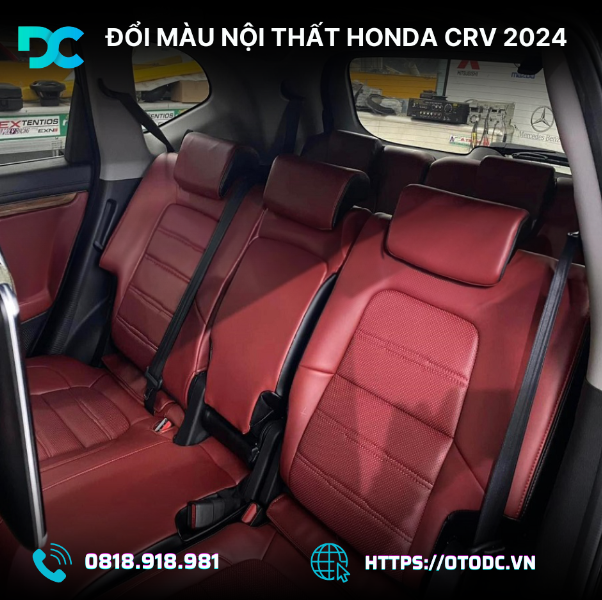 Đổi Màu Nội Thất Honda CRV 2024 – Trải Nghiệm Đẳng Cấp, Bền Vững Theo Thời Gian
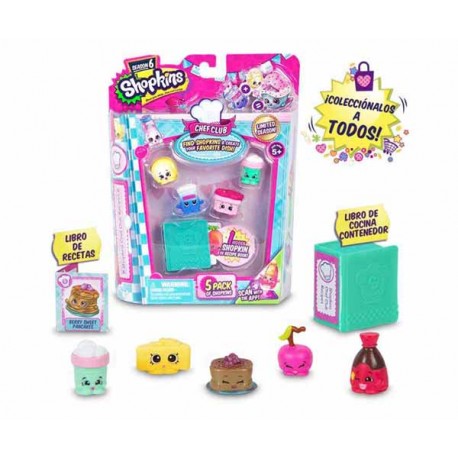 SHOPKINS S6 CC BLISTER 5 SHOPKINS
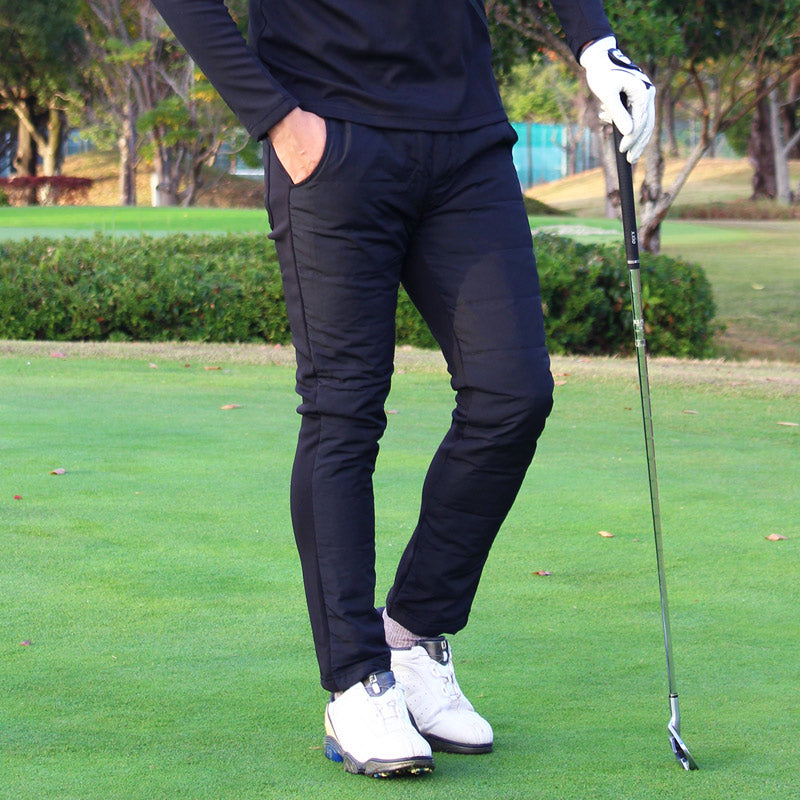 ダウンパンツ メンズ ゴルフパンツ ダウン80% 裏起毛 裏フリース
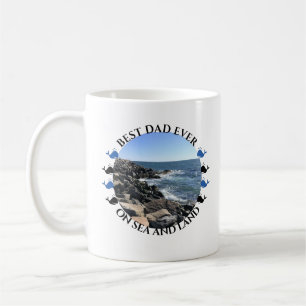 Taza De Café El mejor papá del océano y los amantes de la playa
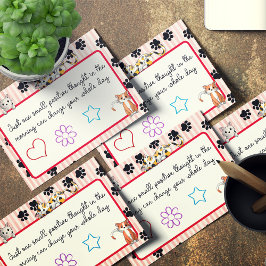 Bloco De Notas Linda cor vermelha com patas gatinhos bonitos de 4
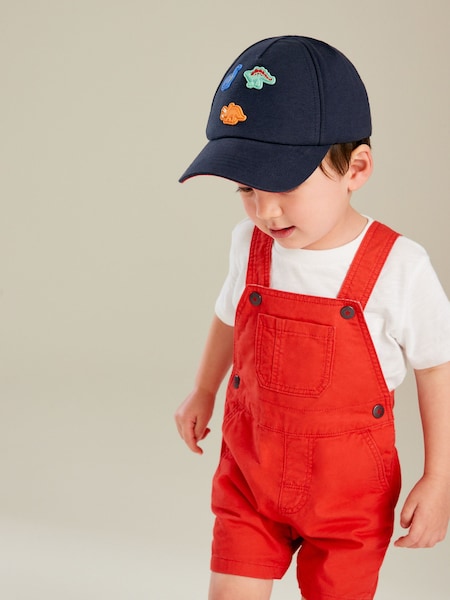 Navy Dinosaur Badge Baseball Cap (3mths-10yrs) (N66107) | AED28 - AED35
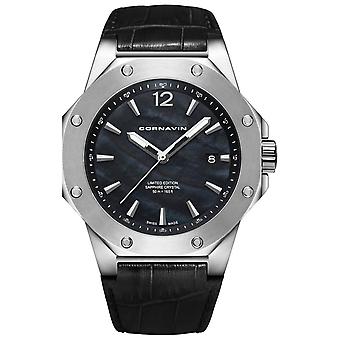 Downtown 3h Swiss Quartz Analog Man Watch with Cowskin Bracelet CO2021-2023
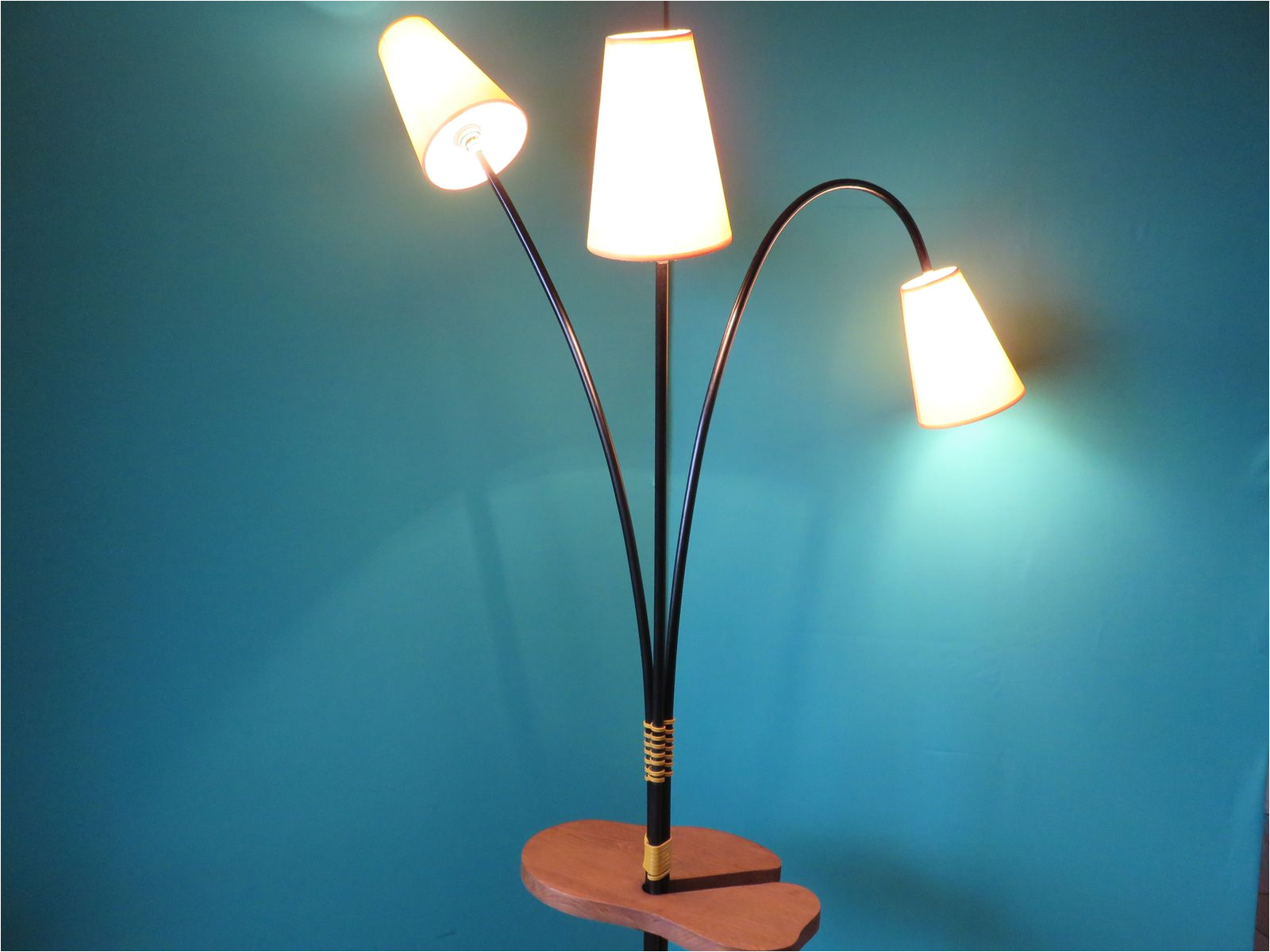 Retro Yellow Floor Lamp Vintage Yellow Floor Lamp 1950s for Sale at Pamono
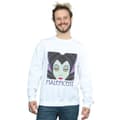 Miniatyrbillede 2 af 5: Disney Mens Maleficent Cropped Head Sweatshirt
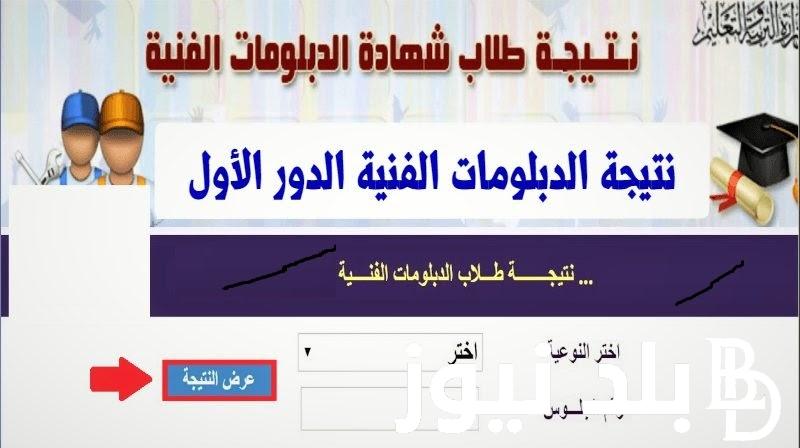 نتيجة الدبلومات الفنيه برقم الجلوس لجميع المحافظات ورابط الاستعلام عبر fany.emis.gov.eg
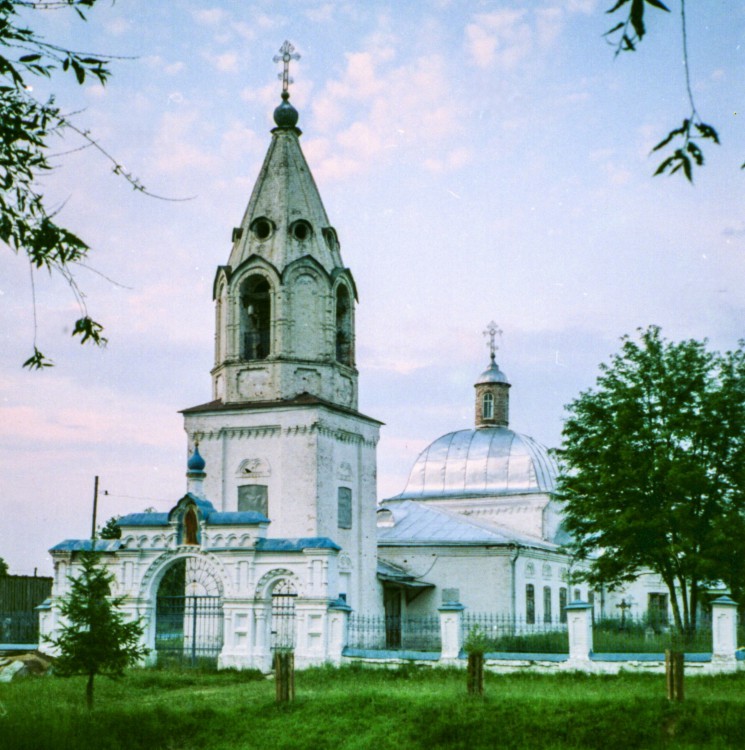 Церковь Михаила Архангела, Второво (Камешковский район, Владимирская область). фасады, юго-западный фасад.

====

Beginning with the line that contains "Miniatyrbillede 2 af" and ending with the final line of the entries, every line must be copied exactly; the pictures must not.

▸ REPLY TO THE EXERCISE:
 Miniatyrbillede 2 af 5: Disney Mens Maleficent Cropped Head Sweatshirt
 نتيجة الدبلومات الفنيه برقم الجلوس لجميع المحافظات ورابط الاستعلام عبر fany.emis.gov.eg
 Церковь Михаила Архангела, Второво (Камешковский район, Владимирская область). фасады, юго-западный фасад.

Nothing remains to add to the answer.